Monsieur Simonnot dit qu’il a écrit son conte, son roman, si l’on veut, pour montrer … Mais un récit fictif ne montre que l’imagination de son auteur ! … ne prouve jamais quoi que ce soit. Bien mieux, une anecdote réelle, n’est qu’un cas, pas une statistique. Il ne faut quand même pas confondre la littérature, même bonne, avec la sociologie ou avec l’étude des idées politiques.
Monsieur Simonnot, économiste de formation, a effleuré le thème de la condition humaine (sans d’ailleurs prononcer l’expression), de la fragilité de cette condition. Ce faisant, il semble bien peu à l’aise. Ce n’est ici qu’une constatation, pas une critique. Il a choisi de ne pas nous dire s’il était croyant, et en quoi, éventuellement en l’inexistence de Dieu. Ce n’était pas obligatoire, on le note seulement.
Il a commencé à dire que le 11 septembre était “mère des événements”. C’est beaucoup de grandiloquence pour dire que l’événement a eu des conséquences. Les scientifiques ont montré plus sobrement que le battement des ailes d’un papillon à un endroit du globe peut avoir dans un autre endroit des conséquences valant sûrement le 11 septembre.

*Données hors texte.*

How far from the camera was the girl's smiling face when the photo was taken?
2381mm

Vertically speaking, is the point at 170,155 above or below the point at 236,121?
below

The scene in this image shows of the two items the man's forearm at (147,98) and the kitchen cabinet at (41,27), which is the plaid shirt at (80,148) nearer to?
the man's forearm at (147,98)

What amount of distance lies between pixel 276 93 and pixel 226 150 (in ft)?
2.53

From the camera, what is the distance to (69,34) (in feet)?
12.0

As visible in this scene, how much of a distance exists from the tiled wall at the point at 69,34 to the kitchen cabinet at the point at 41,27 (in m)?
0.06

Au total, nous avons eu un orateur sympathique, assez humble, mais s’en remettant peut-être un peu trop souvent à Von Mises. Pour le spirituel, le surnaturel, on peut avoir d’autres références. Dieu donne assez de signes, pour que jamais, au dernier moment, aucune âme ne puisse dire “Mais Dieu, tu ne m’a jamais fait de signe, mais Dieu, tu es toujours resté caché”. Il a été dit : “ils ont peur de devoir croire”.
Les signes
Pour les bons, le miracle est une juste récompense. Pour les moins bons, c’est pour les amener à une bonté véritable. Pour les mauvais, aussi parfois, c’est pour les secouer, pour les persuader que J’existe et que Dieu est avec Moi. Le miracle est un don, et ce don est pour les bons. Mais Celui qui est Miséricorde et qui voit combien les hommes sont lourds et que seul un événement prodigieux peut les secouer, y recourt aussi pour pouvoir dire : « J’ai tout fait pour vous, et cela n’a servi à rien. Dites-Moi donc vous-mêmes ce que je dois faire de plus ? ».

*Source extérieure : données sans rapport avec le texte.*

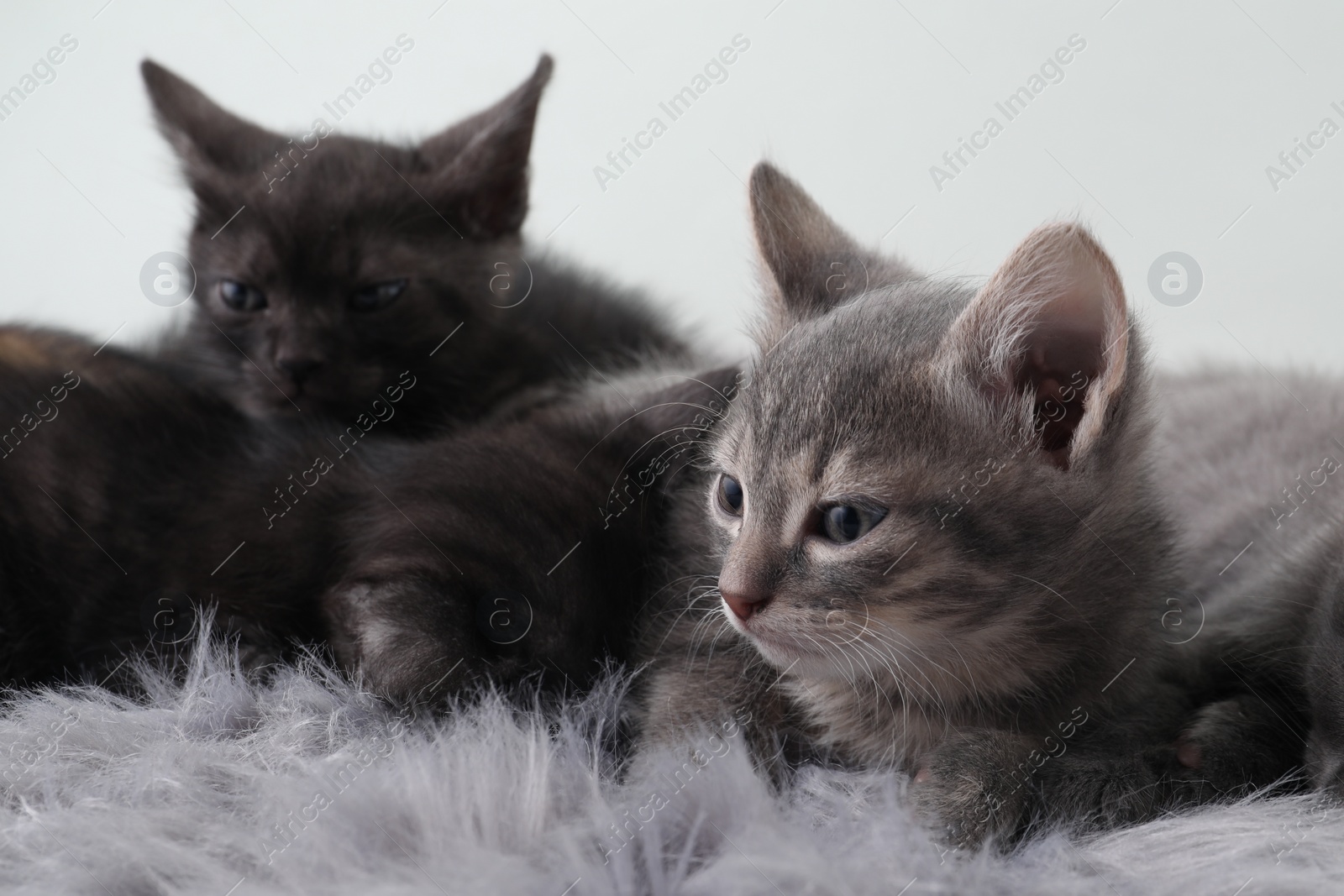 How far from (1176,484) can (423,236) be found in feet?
3.38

A partir d’un sujet plutôt flou “les fous de Dieu du 11 septembre étaient-ils rationnels ?”, on a eu un exposé assez décousu. Ceux qui ont attendu la conclusion pour être sûr des intentions de l’orateur, ont dû rester sur leur faim. M. Simonnot a eu un certain nombre de considérations métaphysiques assez banales qui font deviner que lui-même a peu de convictions arrêtées de ce côté. Les auditeurs qui on attendu sa conclusion pour être sûr de ses intentions ont pu rester sur leur faim. Et… si tout cela n’était que le lancement ou le rappel d’un conte en librairie ?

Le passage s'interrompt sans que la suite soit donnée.